# Print shop for holiday postcards



## Macroen (Jul 18, 2008)

Hi, does anybody know where to find a print shop in Dubai where they can print holiday postcards. Like the ones every tourist would buy with the glossy finish at the front and the address lines at the back? 

Thanks in advance, Mac.


----------



## Longhorn (May 7, 2008)

Try this guy, he did our Christmas cards last two years and also some brochures. So far his work has been pretty good. Not sure if he can do what you are looking for but maybe? Good Luck!

AL BALUSH ARTS & PRINTING
MR. AMEER ALI
TEL: 06-5539088
CELL: 050-6565769





Macroen said:


> Hi, does anybody know where to find a print shop in Dubai where they can print holiday postcards.

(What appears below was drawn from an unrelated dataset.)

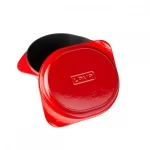 LAVA Lijevanoželjezna posuda za kruh, 24×27 cm – crvena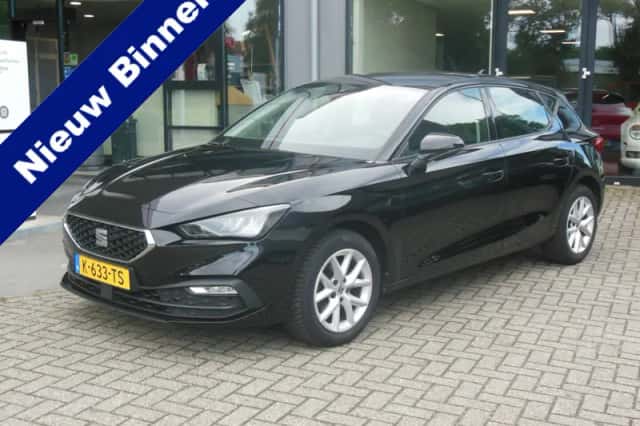 SEAT Leon (2021) thumbnail 2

Like the ones every tourist would buy with the glossy finish at the front and the address lines at the back?
> 
> Thanks in advance, Mac.


----------



## Elphaba (Jan 24, 2008)

Macroen said:


> Hi, does anybody know where to find a print shop in Dubai where they can print holiday postcards. Like the ones every tourist would buy with the glossy finish at the front and the address lines at the back?
> 
> Thanks in advance, Mac.



Try asking at one of the Kodak print shops that are in most malls.

-


----------